But as long as we are at it — especially with the Supreme Court’s validation of age-appropriate sex education — a real-life discussion of the financial and career consequences of early parenthood and unplanned pregnancies would be in perfect order. This is especially urgent in view of the recent findings of the 2013 Young Adult Fertility and Sexuality study that one in every three Filipinos aged 15-24 engages in premarital sex, and that 73% of males and 84% of females do it unprotected against pregnancies or possible STDs. Proper sex education cannot simply be about the plumbing. It must certainly include the costs and consequences of differing reproductive behaviors in terms of emotional pain and frayed social relations, direct monetary consequences, and foregone career and earning opportunities. In short, sexuality is also an economic and financial matter, and only artificial walls separate what are in reality conjoined aspects of human decision and action.

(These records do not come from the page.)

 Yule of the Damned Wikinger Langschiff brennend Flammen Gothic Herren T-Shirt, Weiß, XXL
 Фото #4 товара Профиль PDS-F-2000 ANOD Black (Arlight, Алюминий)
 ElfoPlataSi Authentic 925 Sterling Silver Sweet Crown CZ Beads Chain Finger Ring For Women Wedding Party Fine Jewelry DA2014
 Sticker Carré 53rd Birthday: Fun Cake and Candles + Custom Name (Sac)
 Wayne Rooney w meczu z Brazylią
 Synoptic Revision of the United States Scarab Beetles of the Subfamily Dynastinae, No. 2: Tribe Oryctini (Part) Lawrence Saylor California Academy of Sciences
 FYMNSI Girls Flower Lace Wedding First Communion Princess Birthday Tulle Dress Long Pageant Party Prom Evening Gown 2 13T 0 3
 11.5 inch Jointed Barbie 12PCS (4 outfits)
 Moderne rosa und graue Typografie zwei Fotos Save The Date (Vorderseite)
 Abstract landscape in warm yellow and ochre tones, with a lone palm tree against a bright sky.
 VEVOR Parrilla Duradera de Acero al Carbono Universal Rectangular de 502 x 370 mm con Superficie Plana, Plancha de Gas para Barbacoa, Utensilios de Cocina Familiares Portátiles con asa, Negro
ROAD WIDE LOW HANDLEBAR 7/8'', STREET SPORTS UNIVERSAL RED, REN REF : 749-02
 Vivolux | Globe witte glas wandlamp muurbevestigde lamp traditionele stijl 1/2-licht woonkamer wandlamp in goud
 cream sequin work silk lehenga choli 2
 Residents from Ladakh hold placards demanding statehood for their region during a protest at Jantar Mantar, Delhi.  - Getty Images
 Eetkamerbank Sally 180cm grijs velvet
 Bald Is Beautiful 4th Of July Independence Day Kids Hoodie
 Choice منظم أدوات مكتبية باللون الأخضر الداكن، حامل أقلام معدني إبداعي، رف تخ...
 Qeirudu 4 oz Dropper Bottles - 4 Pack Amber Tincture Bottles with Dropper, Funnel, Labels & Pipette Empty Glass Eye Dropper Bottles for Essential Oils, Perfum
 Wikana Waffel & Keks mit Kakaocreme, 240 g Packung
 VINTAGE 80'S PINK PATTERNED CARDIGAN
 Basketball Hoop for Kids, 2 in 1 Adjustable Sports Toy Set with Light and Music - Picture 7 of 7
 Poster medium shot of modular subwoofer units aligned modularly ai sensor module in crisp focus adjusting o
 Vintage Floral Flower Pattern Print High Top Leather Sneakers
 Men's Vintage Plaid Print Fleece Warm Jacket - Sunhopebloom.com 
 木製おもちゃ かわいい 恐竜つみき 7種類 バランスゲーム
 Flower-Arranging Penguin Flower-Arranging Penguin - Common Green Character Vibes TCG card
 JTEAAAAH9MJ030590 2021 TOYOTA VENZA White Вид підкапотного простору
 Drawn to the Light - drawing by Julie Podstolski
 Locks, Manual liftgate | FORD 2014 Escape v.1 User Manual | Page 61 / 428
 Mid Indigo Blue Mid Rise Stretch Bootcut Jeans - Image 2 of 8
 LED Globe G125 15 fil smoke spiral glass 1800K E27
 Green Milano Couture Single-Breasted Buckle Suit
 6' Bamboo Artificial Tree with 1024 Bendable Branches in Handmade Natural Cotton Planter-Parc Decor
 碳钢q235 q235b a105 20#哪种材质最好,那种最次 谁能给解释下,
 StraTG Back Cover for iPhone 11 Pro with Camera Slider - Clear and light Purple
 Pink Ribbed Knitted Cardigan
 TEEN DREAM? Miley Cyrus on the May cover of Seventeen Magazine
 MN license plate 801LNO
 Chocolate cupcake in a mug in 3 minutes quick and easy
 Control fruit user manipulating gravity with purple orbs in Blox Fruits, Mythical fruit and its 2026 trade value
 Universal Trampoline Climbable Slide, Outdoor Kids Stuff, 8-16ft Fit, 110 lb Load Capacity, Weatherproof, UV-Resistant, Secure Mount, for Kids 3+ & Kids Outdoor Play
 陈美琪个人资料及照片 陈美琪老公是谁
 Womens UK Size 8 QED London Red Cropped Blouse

One of the distinct capabilities of the higher primates is that distinctly bourgeois trait of delayed gratification — the ability to sacrifice a present pleasure in anticipation of a future reward. It is most developed among humans, who have the ability to conceive of a distant future and regulate their life to adapt to or attain that future. Saving, investment, roundabout methods of production, credit, institutions of trust — indeed most of civilization itself and its attendant prosperity — are built on nothing more than this ability. The enhancement of such a human trait among the young people of society is an overriding task of the public education system. If, to achieve that goal, we must tolerate the fact that high school students cannot compute the arc elasticity of demand, then so be it.